As part of our active ownership programme, we aim to vote at all public meetings held by our investee companies. In the year to June 2023, we voted on 3,092 resolutions at 196 company meetings.
To increase the impact of our votes we write to all companies prior to the meeting about our plans. We place particular focus on any resolution where we do not propose to support management and provide an overview of our concerns.
To air our dissenting voice, we use our votes when relevant directors are due to be re-elected. For instance, we vote against the chair of the remuneration committee where we have concerns about executive pay plans, the chair of the nomination committee if the company has a poor approach to gender diversity, and the chair if the business is not adequately addressing climate-related risk.
Our voting activity is managed by Institutional Shareholder Services. However, we use a bespoke template which led us to oppose nearly five times as many management proposals as the standard ISS template. The records below illustrate the impact of our template (data for the year to 30 June 2023).
Voting pre-disclosures
Nestlé - AGM on 18 April 2024
Item 7: Shareholder proposal for an amendment to the Articles of Association regarding sales of healthier and less healthy foods
Our vote intention: FOR
Management Recommendation: AGAINST
Summary: The company falls short of our expectations to use internationally accepted standards when assessing the health implications of its products and setting targets for increasing sales of healthier food.

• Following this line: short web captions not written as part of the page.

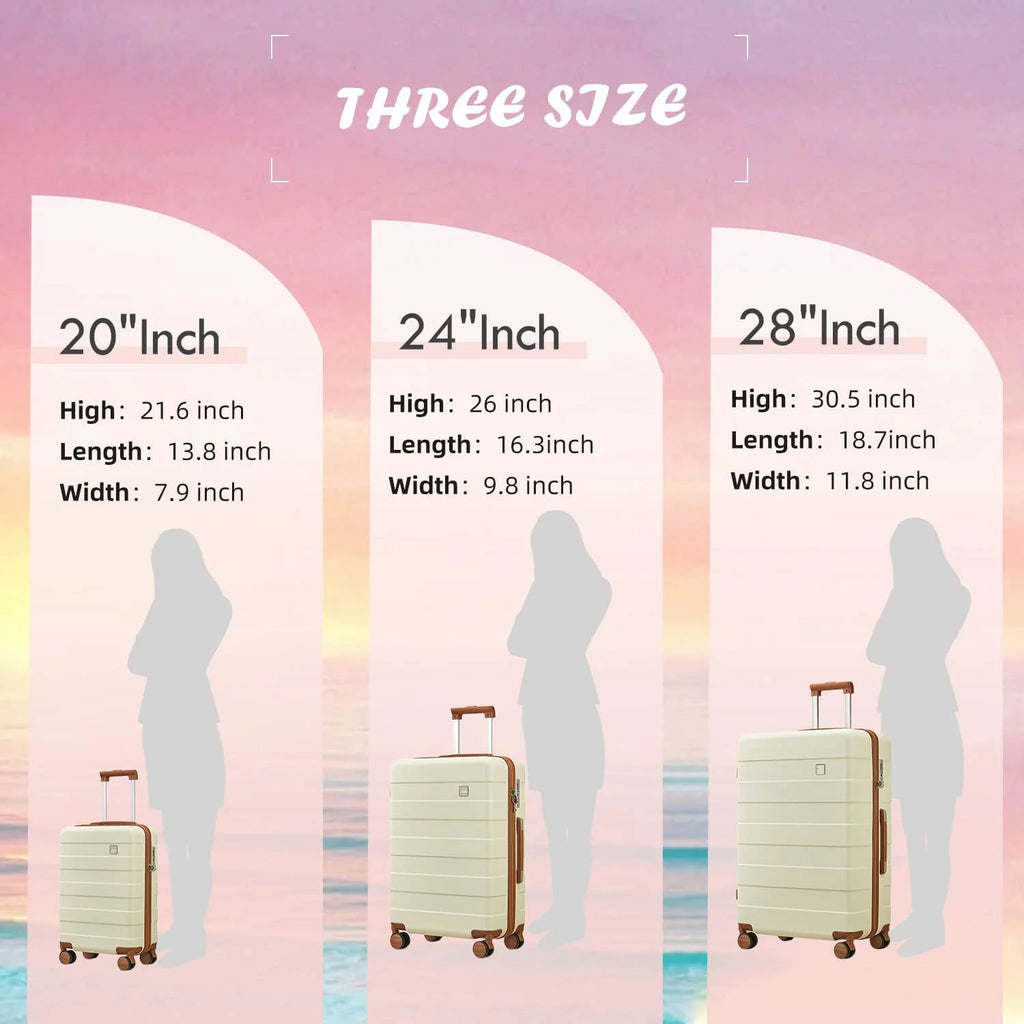 Luggage, ABS Hard Luggage Set with Spinner Wheels, with TSA Lock, Lightweight and Durable (Unisex) - Top Travels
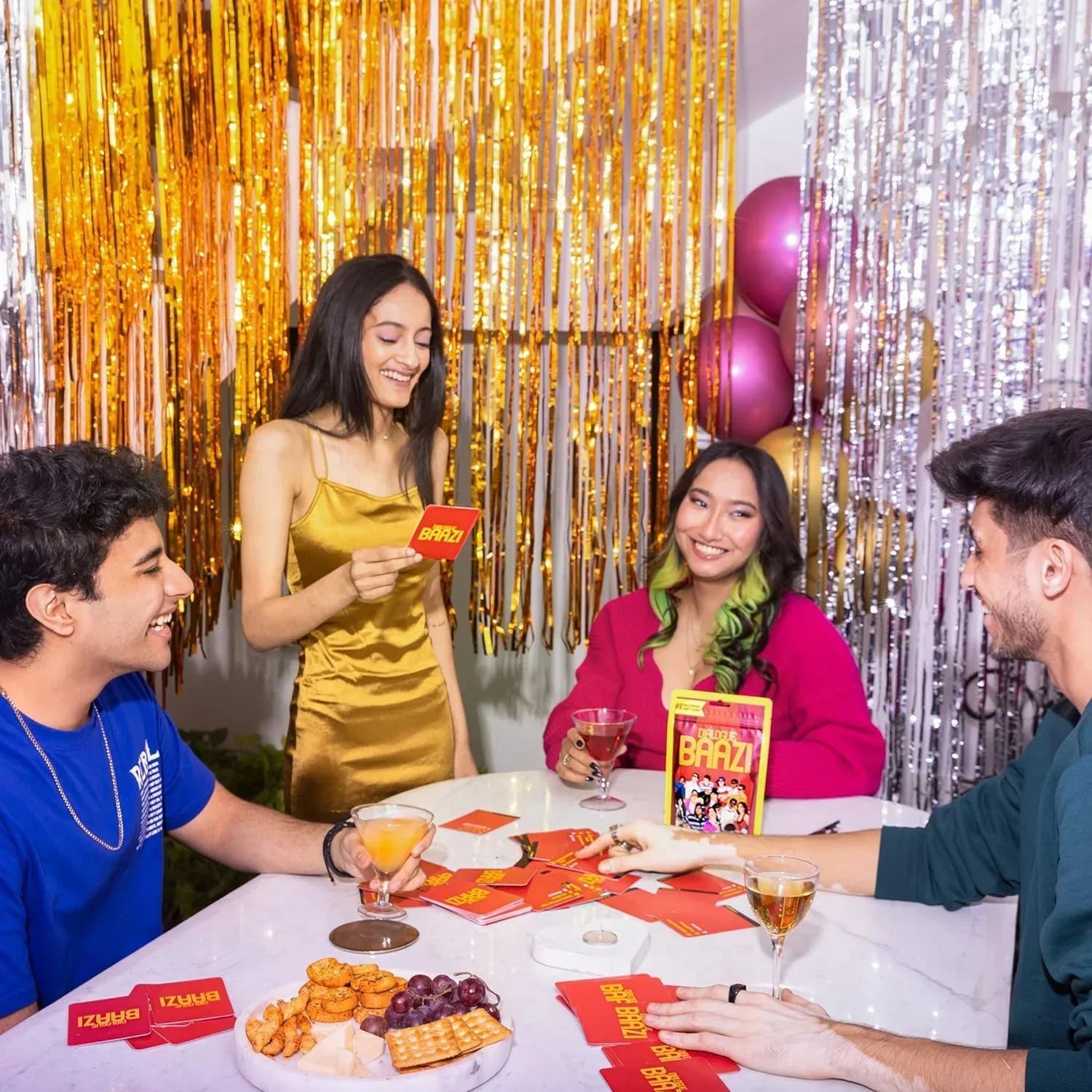 Dialogue Baazi Card Game : The Ultimate Bollywood Party Game | 100 Cards of Filmy Fun for Friends & Adults - Jaiman Toys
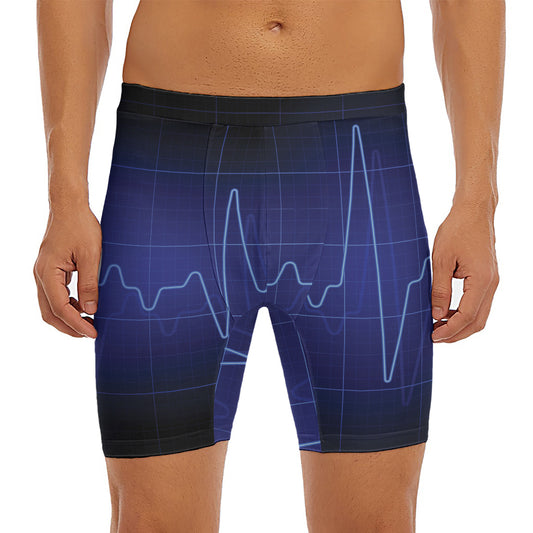 Blue Heartbeat Print Men's Long Boxer Briefs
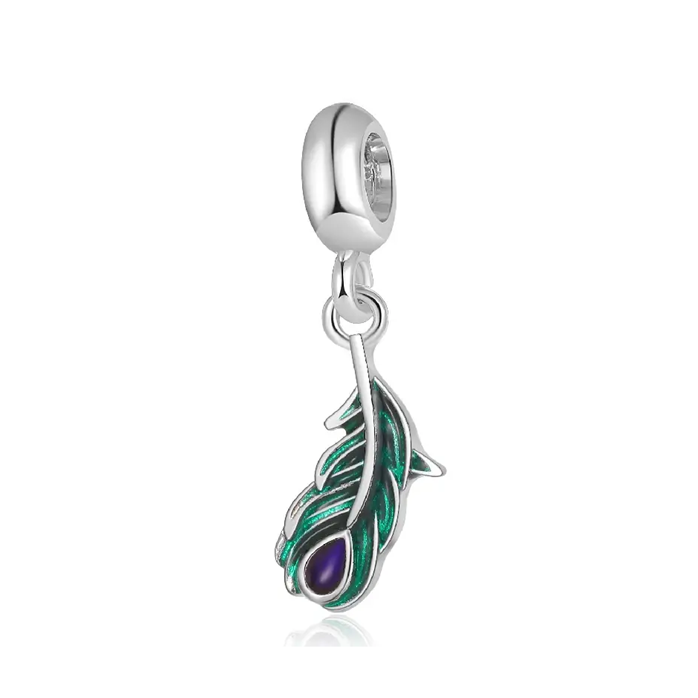 Peacock Feather Dangle Charm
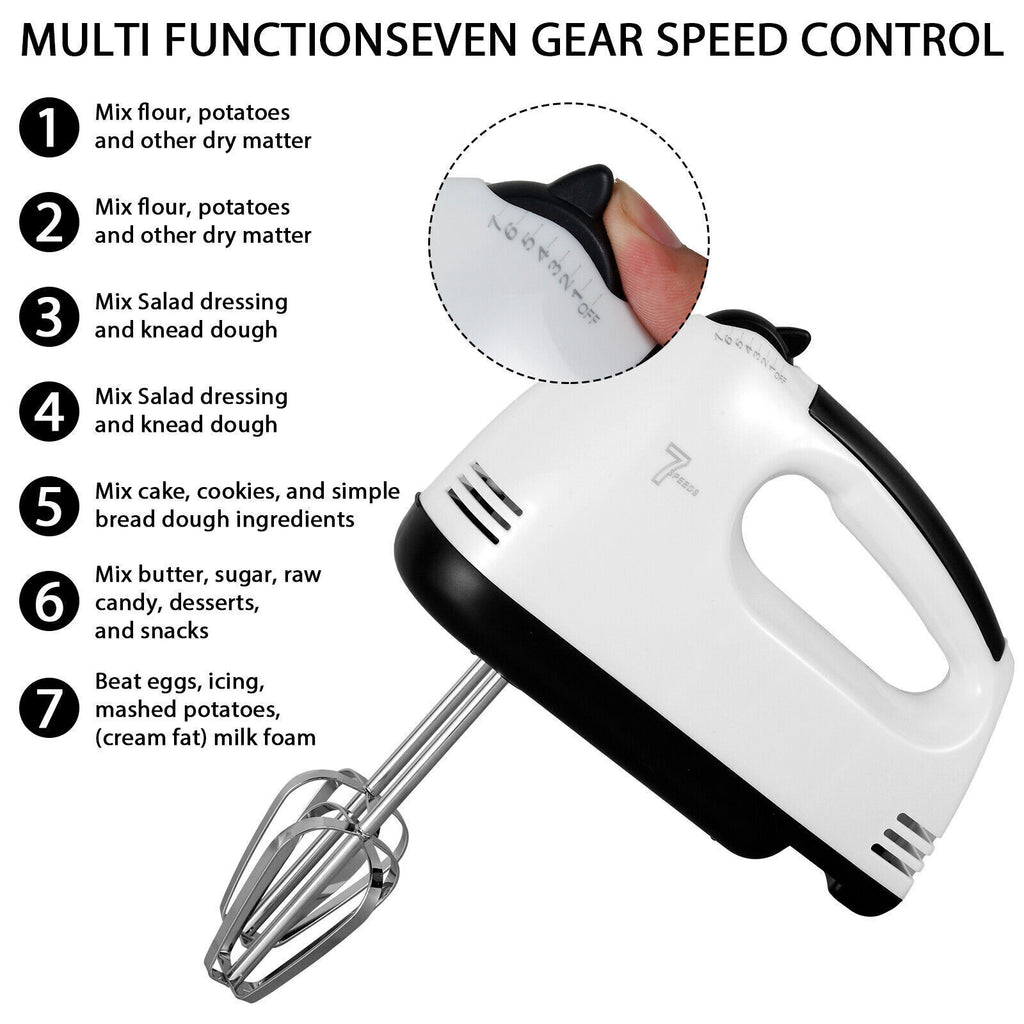Mélangeur électrique à main Whisk 7 vitesse de mélangeur de cuisine Egg Beater crème mélangeur de gâteau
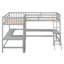 Lit mezzanine simple en bois en forme de L avec échelle et 2 bureaux intégrés en forme de L, gris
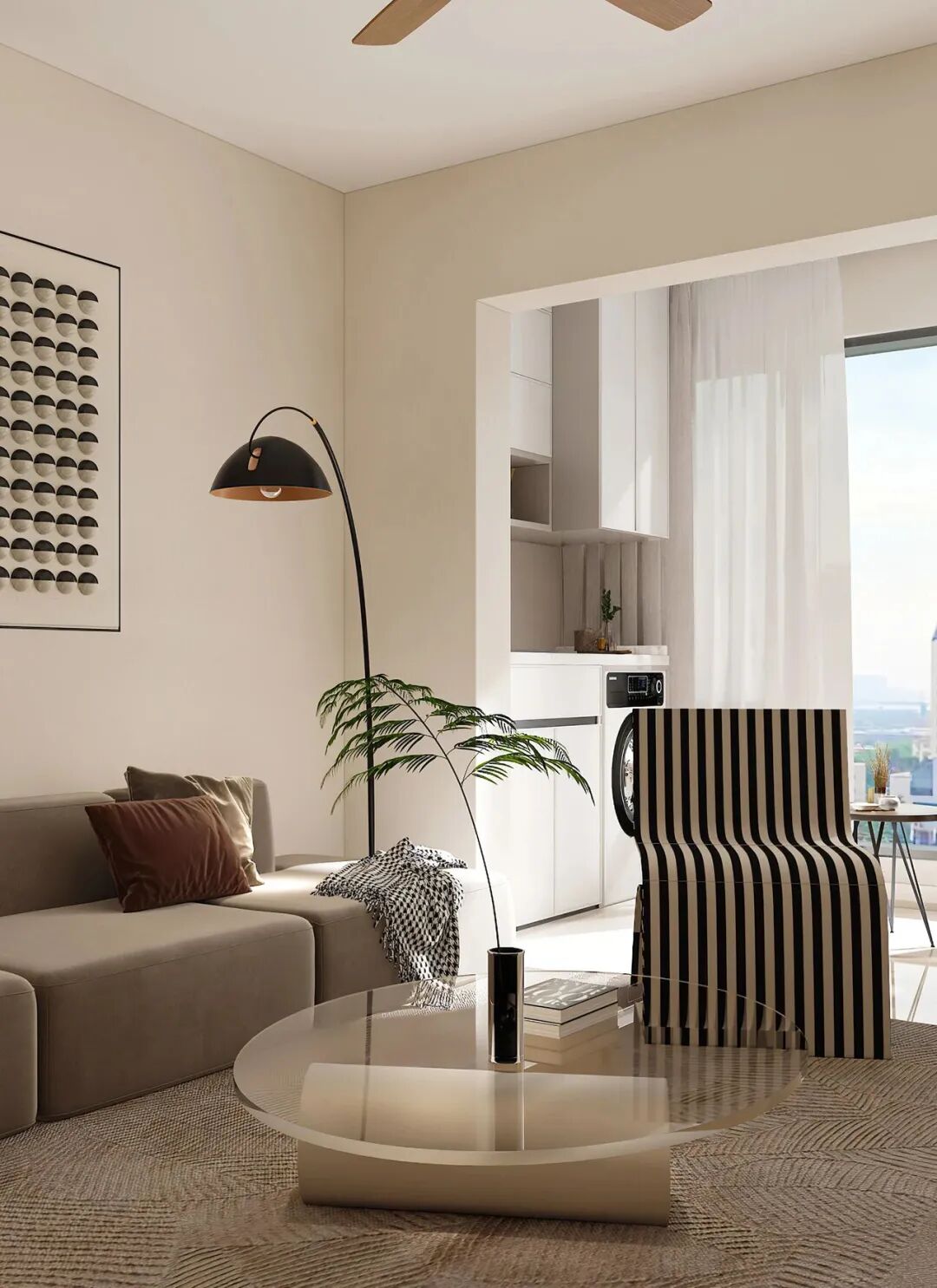 海湾明珠极简奶油风格115m²住宅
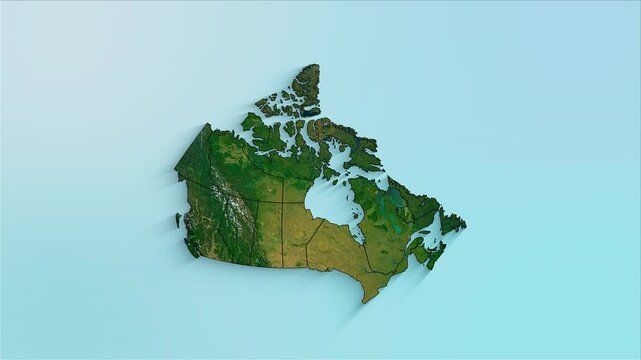 Canada animated map showing provinces forming the country with a physical map background and a chroma key alpha channel.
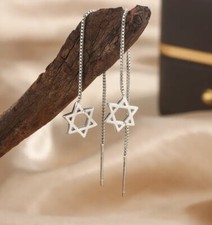 Star Of David Long Tassel Threader Earrings! Unique And Gorgeous! 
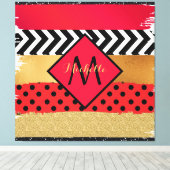 Red Black Gold Glitzer Pinselstriche Mit Monogramm Leinwanddruck (Insitu (Holzboden))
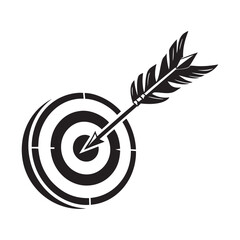 Black and white illustration of an arrow hitting the bullseye on a target representing success and accuracy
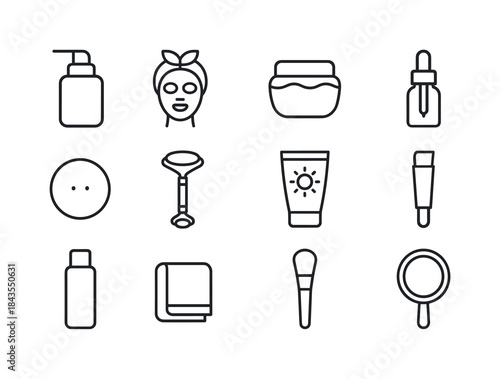 Skincare Line Icons. Skincare. Line icon set of Skincare: cleans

Background: Good nutrition is fundamental to good health, yet humankind is facing a growing epidemic of diet-related ill-health. We support ShareAction’s Healthy Markets Initiative and the Access to Nutrition Index. Through this collaborative engagement we are asking Nestlé, and other companies, to commit to producing healthier products and to make these products more accessible, more affordable and more available.
By engaging with companies on nutrition we can make business models more resilient and play a role in improving public health.
Engagement to date: Over the last few years of engagement, we recognise the progress that Nestlé has made, particularly having agreed to set a sales-based target to increase sales of healthy products despite initially stating it was too early to do so.
However, while this is a step in the right direction, we are disappointed that the target is absolute and not proportional. Furthermore, some products that Nestlé classes as ‘nutritious’ for the purpose of the target (such as coffee) are typically not included in internationally accepted nutrition standards such as the Health Star Rating. Item 7 at the Nestlé AGM addresses these concerns.
Our end goal: For Nestlé to set a proportional target for sales of healthier products using government endorsed nutrient profiling models.